Secondo quanto dichiarato dallo stesso Trump, Roma “non è stata di alcun aiuto” nel contesto della crisi con l’Iran, motivo per cui la Casa Bianca starebbe valutando una riduzione della presenza militare nel Paese. Una misura che, ha aggiunto, potrebbe essere estesa anche alla Spagna, definita “terribile” nel sostegno agli Stati Uniti.
La replica dell’Italia
Non si è fatta attendere la risposta del ministro della Difesa Guido Crosetto, che ha espresso perplessità sulle dichiarazioni del presidente americano.

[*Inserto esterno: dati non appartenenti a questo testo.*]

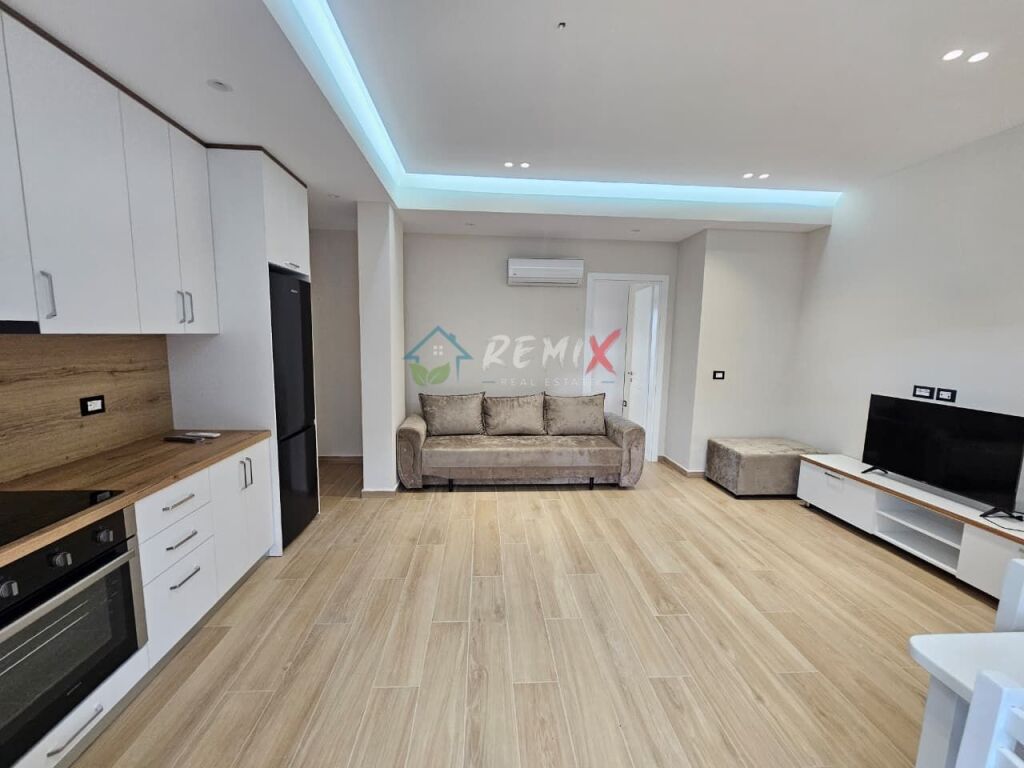 APARTAMENT PER QERA NE ISH KËNETË, DURRËS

“Non capisco le ragioni”, ha dichiarato, sottolineando come l’Italia non abbia avuto un ruolo diretto nello Stretto di Hormuz e si sia invece resa disponibile a partecipare a missioni per la sicurezza della navigazione.
Nel mirino anche la Germania
Le tensioni non riguardano solo l’Italia. Poche ore prima, Trump aveva infatti minacciato una riduzione delle truppe anche in Germania, dopo uno scontro con il cancelliere Friedrich Merz sulla gestione del conflitto con l’Iran.
Berlino ha reagito con fermezza, definendo le dichiarazioni del presidente americano una “politica di minacce grossolane” e avvertendo che un eventuale ritiro rischierebbe di indebolire gli stessi Stati Uniti.
Attacco alla Nato
Nel suo intervento, Trump ha esteso le critiche anche alla NATO, accusando l’Alleanza di aver contribuito a creare “un caos totale” in Ucraina e contestando il livello di supporto fornito al Paese.
La posizione della Spagna
Più cauta la reazione del governo spagnolo, che ha scelto di non alimentare lo scontro. Madrid ha parlato di “tranquillità”, ribadendo di essere un partner affidabile e di aver sempre rispettato gli impegni internazionali.
Le autorità spagnole hanno inoltre ricordato come non si tratti della prima minaccia da parte di Trump, citando precedenti dichiarazioni su una possibile uscita della Spagna dalla Nato o sull’aumento della spesa militare fino al 5% del Pil.
Rapporti transatlantici sotto pressione
Le parole del presidente americano segnano un nuovo momento di tensione nei rapporti tra Washington e i principali alleati europei, in un contesto internazionale già reso complesso dalle crisi in Medio Oriente e in Ucraina.
Resta ora da capire se le dichiarazioni di Trump si tradurranno in decisioni operative o resteranno parte di una strategia negoziale nei confronti degli alleati.